TensorRT Version: 7.0
GPU Type: RTX 2080 Ti and Titian RTX
Nvidia Driver Version: 440.64.00
CUDA Version: 10.2
CUDNN Version: 7.6.5
Operating System + Version: Ubuntu 18.04

Detail

When I’m trying to run the same inference model on two different GPU, it seems that they can not be running at the same time, there is always some latency for the second GPU to start inference. My code is something like this,

struct Inference
{
    IRuntime* runtime;
    ICudaEngine* engine;
    IExecutionContext* context;
    cudaStream_t stream;
    void* buffer[2];
    int inputIndex, outputIndex;
};
Inference plan[2];

... #initialize the engine on two different device

for(int nDevice = 0; nDevice < 2; nDevice++)
        {
            cudaSetDevice(DEVICE[nDevice]);
            cudaMemcpyAsync(plan[nDevice].buffer[plan[nDevice].inputIndex], fInput + nDevice * offset_input, datasize_input, cudaMemcpyHostToDevice, plan[nDevice].stream);
            plan[nDevice].context -> enqueue(BATCH_SIZE, plan[nDevice].buffer, plan[nDevice].stream, nullptr);
            cudaMemcpyAsync(fOutput + nDevice * offset_output, plan[nDevice].buffer[plan[nDevice].outputIndex], datasize_output, cudaMemcpyDeviceToHost, plan[nDevice].stream);
        }


The above image is the profiling result.

When I see the Cuda profiling of this part, it seems that copying input to the second device actually happened a little bit later than the first one. However, when I remove the enqueue() function, the memory copy happened parallelizely. Do you have any idea why this happened? Are there any possible to solve it?

Hi @qiuyunzhe94,
Can you please share your script and model so that we can help you better.
Thanks!

The attachment is the script and model I use to inference. There are two more plugin files I cannot upload because it ends with .cu. If you need please let me know how to upload them and I’ll do. Thanks.

inference.cpp (35.0 KB)

Hi @qiuyunzhe94,
Looks like you missed to attach the model.
Also you can zip all files in one folder and can share it either via IM or on drive.
Thanks!

Hi @AakankshaS,

I upload all the script to drive.

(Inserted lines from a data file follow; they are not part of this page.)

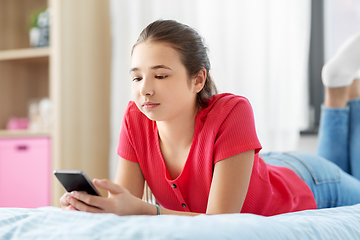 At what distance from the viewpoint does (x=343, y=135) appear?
1652mm

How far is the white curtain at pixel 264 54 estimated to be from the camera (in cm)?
212

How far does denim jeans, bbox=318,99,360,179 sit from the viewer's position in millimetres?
1648

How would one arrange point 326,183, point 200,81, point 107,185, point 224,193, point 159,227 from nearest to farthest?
point 159,227
point 107,185
point 224,193
point 200,81
point 326,183

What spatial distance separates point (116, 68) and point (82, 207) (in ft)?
5.83

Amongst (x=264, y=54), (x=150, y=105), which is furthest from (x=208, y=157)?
(x=264, y=54)

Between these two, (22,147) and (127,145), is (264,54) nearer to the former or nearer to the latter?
(127,145)

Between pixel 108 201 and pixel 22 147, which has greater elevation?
pixel 108 201

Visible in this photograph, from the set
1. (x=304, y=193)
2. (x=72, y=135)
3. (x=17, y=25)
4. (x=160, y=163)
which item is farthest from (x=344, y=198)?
(x=17, y=25)

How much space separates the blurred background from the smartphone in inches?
58.5

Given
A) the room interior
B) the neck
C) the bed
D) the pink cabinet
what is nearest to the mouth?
the neck

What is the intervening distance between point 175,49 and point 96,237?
0.54m

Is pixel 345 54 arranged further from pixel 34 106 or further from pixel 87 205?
pixel 34 106

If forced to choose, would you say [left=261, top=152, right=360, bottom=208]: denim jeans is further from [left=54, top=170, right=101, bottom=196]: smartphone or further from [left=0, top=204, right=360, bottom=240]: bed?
[left=54, top=170, right=101, bottom=196]: smartphone

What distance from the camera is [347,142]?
1687mm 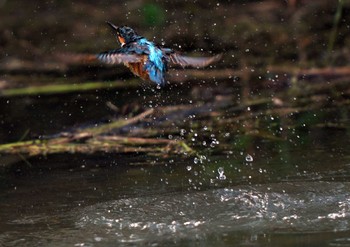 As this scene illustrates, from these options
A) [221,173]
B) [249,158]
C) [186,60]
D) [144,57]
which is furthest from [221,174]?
[144,57]

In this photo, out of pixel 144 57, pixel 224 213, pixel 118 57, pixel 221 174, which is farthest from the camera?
pixel 221 174

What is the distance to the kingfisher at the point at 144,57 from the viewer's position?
12.9 feet

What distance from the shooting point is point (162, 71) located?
4074 millimetres

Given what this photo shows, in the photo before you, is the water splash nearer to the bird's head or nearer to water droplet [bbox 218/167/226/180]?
water droplet [bbox 218/167/226/180]

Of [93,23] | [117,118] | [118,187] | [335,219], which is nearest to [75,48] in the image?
[93,23]

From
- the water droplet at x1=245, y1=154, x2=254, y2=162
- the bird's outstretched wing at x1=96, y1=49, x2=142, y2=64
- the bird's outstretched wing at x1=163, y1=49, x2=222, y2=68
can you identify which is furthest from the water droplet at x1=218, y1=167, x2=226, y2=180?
the bird's outstretched wing at x1=96, y1=49, x2=142, y2=64

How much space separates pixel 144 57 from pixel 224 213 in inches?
29.6

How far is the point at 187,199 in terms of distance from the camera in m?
4.01

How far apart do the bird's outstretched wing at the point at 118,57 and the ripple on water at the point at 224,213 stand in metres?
0.60

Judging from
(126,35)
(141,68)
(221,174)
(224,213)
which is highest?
(126,35)

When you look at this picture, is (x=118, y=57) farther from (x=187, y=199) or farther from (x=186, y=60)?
(x=187, y=199)

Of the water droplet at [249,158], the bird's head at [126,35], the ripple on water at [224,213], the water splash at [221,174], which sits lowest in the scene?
the ripple on water at [224,213]

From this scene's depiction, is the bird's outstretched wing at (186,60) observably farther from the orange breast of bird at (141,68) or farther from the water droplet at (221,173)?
the water droplet at (221,173)

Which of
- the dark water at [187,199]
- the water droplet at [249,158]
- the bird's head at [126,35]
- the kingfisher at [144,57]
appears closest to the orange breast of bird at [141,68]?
the kingfisher at [144,57]
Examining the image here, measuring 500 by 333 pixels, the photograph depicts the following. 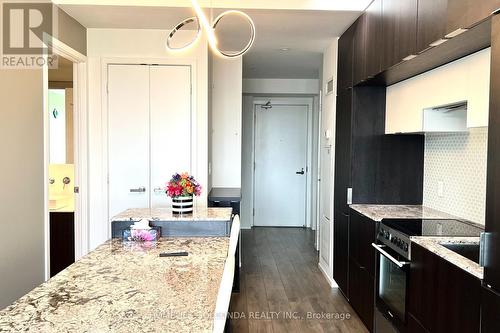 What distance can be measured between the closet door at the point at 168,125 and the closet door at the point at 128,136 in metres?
0.07

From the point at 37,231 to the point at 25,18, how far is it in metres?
1.53

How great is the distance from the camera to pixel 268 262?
193 inches

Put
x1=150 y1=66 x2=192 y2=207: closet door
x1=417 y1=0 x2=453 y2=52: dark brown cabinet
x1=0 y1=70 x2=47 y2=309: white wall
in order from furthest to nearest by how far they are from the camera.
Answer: x1=150 y1=66 x2=192 y2=207: closet door → x1=0 y1=70 x2=47 y2=309: white wall → x1=417 y1=0 x2=453 y2=52: dark brown cabinet

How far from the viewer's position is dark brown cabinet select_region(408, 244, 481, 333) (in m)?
1.65

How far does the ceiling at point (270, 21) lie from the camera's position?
325 centimetres

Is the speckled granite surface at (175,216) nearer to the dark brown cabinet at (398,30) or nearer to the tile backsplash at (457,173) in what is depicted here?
the dark brown cabinet at (398,30)

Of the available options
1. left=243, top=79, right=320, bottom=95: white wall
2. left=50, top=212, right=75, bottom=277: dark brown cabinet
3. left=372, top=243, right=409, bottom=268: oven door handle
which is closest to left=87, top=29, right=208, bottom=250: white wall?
left=50, top=212, right=75, bottom=277: dark brown cabinet

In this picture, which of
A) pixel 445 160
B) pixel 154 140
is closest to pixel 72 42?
pixel 154 140

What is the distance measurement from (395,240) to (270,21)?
216 cm

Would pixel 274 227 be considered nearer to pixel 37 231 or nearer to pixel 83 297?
pixel 37 231

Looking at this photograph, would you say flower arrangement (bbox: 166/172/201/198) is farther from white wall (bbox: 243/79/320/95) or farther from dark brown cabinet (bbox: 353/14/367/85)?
white wall (bbox: 243/79/320/95)

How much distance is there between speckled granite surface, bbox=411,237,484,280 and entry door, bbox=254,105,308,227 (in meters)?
5.01

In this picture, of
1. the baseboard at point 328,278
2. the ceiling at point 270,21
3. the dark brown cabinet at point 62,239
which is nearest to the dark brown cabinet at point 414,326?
the baseboard at point 328,278

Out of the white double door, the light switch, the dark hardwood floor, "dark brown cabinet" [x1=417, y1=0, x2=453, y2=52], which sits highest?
"dark brown cabinet" [x1=417, y1=0, x2=453, y2=52] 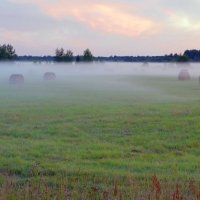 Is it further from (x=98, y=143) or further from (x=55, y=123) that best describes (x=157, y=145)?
(x=55, y=123)

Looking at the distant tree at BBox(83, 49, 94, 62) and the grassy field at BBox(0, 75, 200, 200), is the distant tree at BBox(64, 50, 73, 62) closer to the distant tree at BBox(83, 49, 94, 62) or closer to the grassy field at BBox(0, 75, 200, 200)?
the distant tree at BBox(83, 49, 94, 62)

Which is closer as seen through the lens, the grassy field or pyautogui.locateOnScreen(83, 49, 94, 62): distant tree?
the grassy field

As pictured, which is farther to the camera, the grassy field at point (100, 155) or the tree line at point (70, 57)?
the tree line at point (70, 57)

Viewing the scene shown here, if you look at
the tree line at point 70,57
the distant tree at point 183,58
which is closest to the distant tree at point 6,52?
the tree line at point 70,57

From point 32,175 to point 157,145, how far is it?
167 inches

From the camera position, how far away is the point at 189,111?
20.5 meters

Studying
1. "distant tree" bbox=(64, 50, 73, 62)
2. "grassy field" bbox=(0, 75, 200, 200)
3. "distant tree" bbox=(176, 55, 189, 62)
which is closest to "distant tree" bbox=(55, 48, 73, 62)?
"distant tree" bbox=(64, 50, 73, 62)

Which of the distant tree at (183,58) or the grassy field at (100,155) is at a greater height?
the grassy field at (100,155)


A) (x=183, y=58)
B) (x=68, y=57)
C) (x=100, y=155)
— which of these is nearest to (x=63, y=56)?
(x=68, y=57)

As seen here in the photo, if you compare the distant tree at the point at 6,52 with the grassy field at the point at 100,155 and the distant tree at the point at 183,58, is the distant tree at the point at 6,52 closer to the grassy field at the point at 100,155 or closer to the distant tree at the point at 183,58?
the distant tree at the point at 183,58

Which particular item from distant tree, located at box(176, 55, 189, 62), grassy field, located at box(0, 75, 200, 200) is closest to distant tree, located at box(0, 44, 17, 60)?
distant tree, located at box(176, 55, 189, 62)

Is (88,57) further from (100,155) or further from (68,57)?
(100,155)

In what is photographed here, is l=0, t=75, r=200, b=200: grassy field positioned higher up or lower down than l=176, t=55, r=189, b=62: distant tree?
higher up

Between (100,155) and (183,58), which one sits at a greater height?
(100,155) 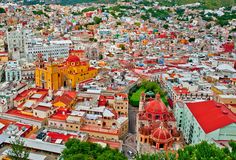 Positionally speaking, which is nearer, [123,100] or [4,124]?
[4,124]

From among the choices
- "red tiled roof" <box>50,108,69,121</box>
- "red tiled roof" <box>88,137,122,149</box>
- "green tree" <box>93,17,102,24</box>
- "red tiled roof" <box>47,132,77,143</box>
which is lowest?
"red tiled roof" <box>88,137,122,149</box>

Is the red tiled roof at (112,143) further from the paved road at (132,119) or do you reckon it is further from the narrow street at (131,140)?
the paved road at (132,119)

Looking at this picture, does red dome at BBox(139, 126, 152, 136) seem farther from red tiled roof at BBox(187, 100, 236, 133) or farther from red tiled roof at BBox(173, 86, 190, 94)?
red tiled roof at BBox(173, 86, 190, 94)

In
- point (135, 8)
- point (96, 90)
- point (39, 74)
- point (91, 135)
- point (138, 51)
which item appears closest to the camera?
point (91, 135)

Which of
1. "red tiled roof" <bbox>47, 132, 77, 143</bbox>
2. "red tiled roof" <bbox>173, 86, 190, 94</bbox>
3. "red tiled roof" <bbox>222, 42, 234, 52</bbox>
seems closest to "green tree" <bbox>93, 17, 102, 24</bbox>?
"red tiled roof" <bbox>222, 42, 234, 52</bbox>

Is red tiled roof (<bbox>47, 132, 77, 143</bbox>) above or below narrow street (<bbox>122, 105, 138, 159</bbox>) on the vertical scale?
above

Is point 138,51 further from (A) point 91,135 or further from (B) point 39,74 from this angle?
(A) point 91,135

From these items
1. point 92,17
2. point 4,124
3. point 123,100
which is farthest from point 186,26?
point 4,124

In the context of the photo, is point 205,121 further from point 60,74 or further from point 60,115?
point 60,74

Thanks for your help.

yolov4 script

Hi @AakankshaS ,

Is there any update on this issue? Or do I need to provide more information?

Thanks!

Hi @qiuyunzhe94,

Sorry for late response.
Since you are not using multi-threading, it is as expected. After first enqueue finish, second enqueue can start at that time.
You can try multi threading for better performance. Please refer to thread safety best practices:
https://docs.nvidia.com/deeplearning/tensorrt/archives/tensorrt-713/best-practices/index.html#thread-safety

Thanks

Hi Sunil,

I think I did put two models into two separate devices, and use two different CudaStream to control them. If you look into the profiling figure, the two enqueue actually happened parallelized in most time, not one after the other. Isn’t this multi-threading? If not, how to make it multi-threading? The link you gave didn’t provide much information on how to make model multi-threading.

Thanks!

Hi,

Enqueue operation is CPU call not related to GPU stream.
Context 1 execution start at the same time code calls first enqueue and same is the case with context 2.
If user really want to start inference at the same time, starting a new thread is always the choice.
Please refer to below links in case it helps:

Alternatively, you can use Deepstream to run multiple models.

Thanks

Thanks for you reply!